| TASK DESCRIPTION |
Copy each entry below without any change.

[Records drawn from a dataset]

^^^^^^^^

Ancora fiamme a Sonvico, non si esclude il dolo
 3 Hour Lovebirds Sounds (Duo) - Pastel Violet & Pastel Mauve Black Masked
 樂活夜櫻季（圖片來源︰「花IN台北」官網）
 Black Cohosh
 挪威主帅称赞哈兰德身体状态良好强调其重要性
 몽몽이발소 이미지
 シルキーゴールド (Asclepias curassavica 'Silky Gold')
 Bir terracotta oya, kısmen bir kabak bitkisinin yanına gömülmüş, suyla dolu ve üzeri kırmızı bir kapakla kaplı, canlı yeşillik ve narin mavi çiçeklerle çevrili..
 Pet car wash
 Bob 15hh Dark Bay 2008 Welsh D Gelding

^^^^^^^^

| EXERCISE SOLUTION |
Ancora fiamme a Sonvico, non si esclude il dolo
 3 Hour Lovebirds Sounds (Duo) - Pastel Violet & Pastel Mauve Black Masked
 樂活夜櫻季（圖片來源︰「花IN台北」官網）
 Black Cohosh
 挪威主帅称赞哈兰德身体状态良好强调其重要性
 몽몽이발소 이미지
 シルキーゴールド (Asclepias curassavica 'Silky Gold')
 Bir terracotta oya, kısmen bir kabak bitkisinin yanına gömülmüş, suyla dolu ve üzeri kırmızı bir kapakla kaplı, canlı yeşillik ve narin mavi çiçeklerle çevrili..
 Pet car wash
 Bob 15hh Dark Bay 2008 Welsh D Gelding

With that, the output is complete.